Wednesday, April 16, 2008

Why I Stopped Reading Halting State

Halting State is nominated for the Hugo for Best Novel and is yet another generally well regarded novel from Charles Stross. So why did I pull out my bookmark around page 85, close the cover, and place the book on the pile to return back to the library?

Well, first, because it is due in three days and I'm pretty sure I'm not going to finish the book given that I spend the last week and a half reading the first 85 pages.

Second, because once again I find a Charles Stross novel to be far more exciting for its ideas than for the actual writing. I loved the concept of the police being called in to investigate a theft that took place within an online video game and the further explanation of exactly why this was a serious crime and what the real world repercussions were. Fantastic idea. The actual execution of that idea? Not so fantastic. Halting State is told in Second Person Perspective (where the reader is the character and the word "you" is used frequently...think the Choose Your Own Adventure books). Again, another great idea and actually well done, but somewhere in the midst of the Second Person narration I got a little bit lost. 85 pages, three viewpoint perspectives, and no real clue how it all fits. Yeah, Stross was beginning to bring things together and I know that I missed the real story of Halting State, but I felt that 85 pages was a little bit too long to get into it for Halting State. My other problem? The use of Scottish Dialect. At times it was damn near incomprehensible. The language might be English, but I had to work to parse sentence containing dialect.
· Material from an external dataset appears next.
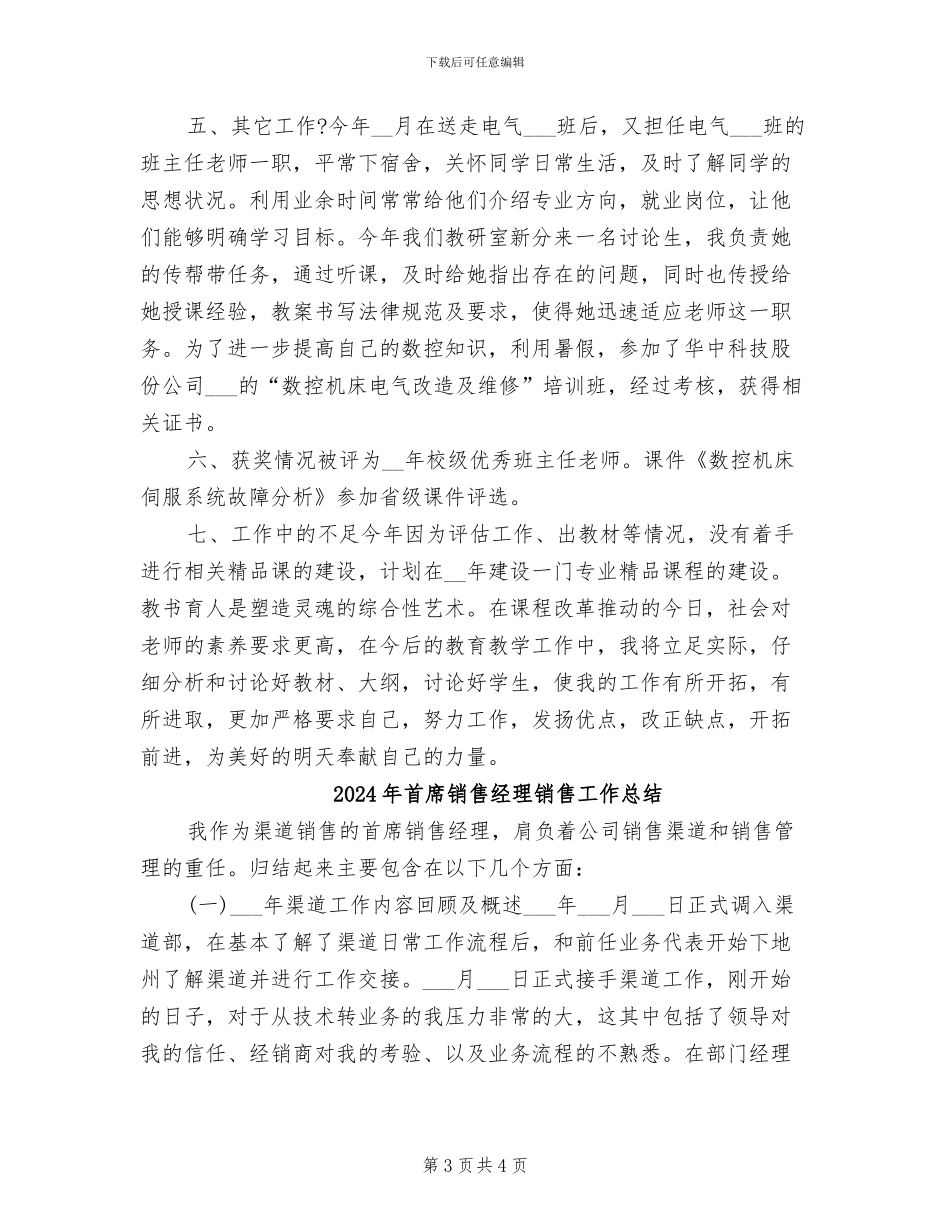 2024年首席主讲教师工作总结_第3页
But the real reason, and the main reason I stopped reading Halting State is because no matter how much I was interested in the idea of Halting State, the reality of Halting State was not a satisfying reading experience. I had copies of George R. R. Martin's The Armageddon Rag, Justina Robson's Selling Out, a couple of Elizabeth Bear novels, short stories from Lucius Shepard, Vandermeer's City of Saints and Madmen: Book of Ambergis, a zombie western from Joe R. Lansdale, and however many thousands of great books I've never read....and I really didn't want to spend the time reading Halting State and be frustrated by what I consider is not the man's best work.

I have something of a love / hate relationship with the fiction of Charles Stross. I believe his two Bob Howard / Laundry novels are absolutely fantastic. His Merchant Princes series is hit or miss, but is still overall fun to read. And then there is his more technical SF, I didn't finish Accelerando, I forced myself to read all of Singularity Sky, and I gave up on Iron Sunrise.

I know that Stross is extremely well regarded in the SF community, and I know that I am clearly not his target audience, but I really wanted to like Halting State and sign songs of praise about it...and I can't. I may be a bit simplistic in my reading and it may be that Stross just runs at a level way over my head, but I can't recommend that folks pick up the book.

Now...if Stross writes a third Laundry novel (following The Atrocity Archives, and The Jennifer Morgue), well, I'd be all over that.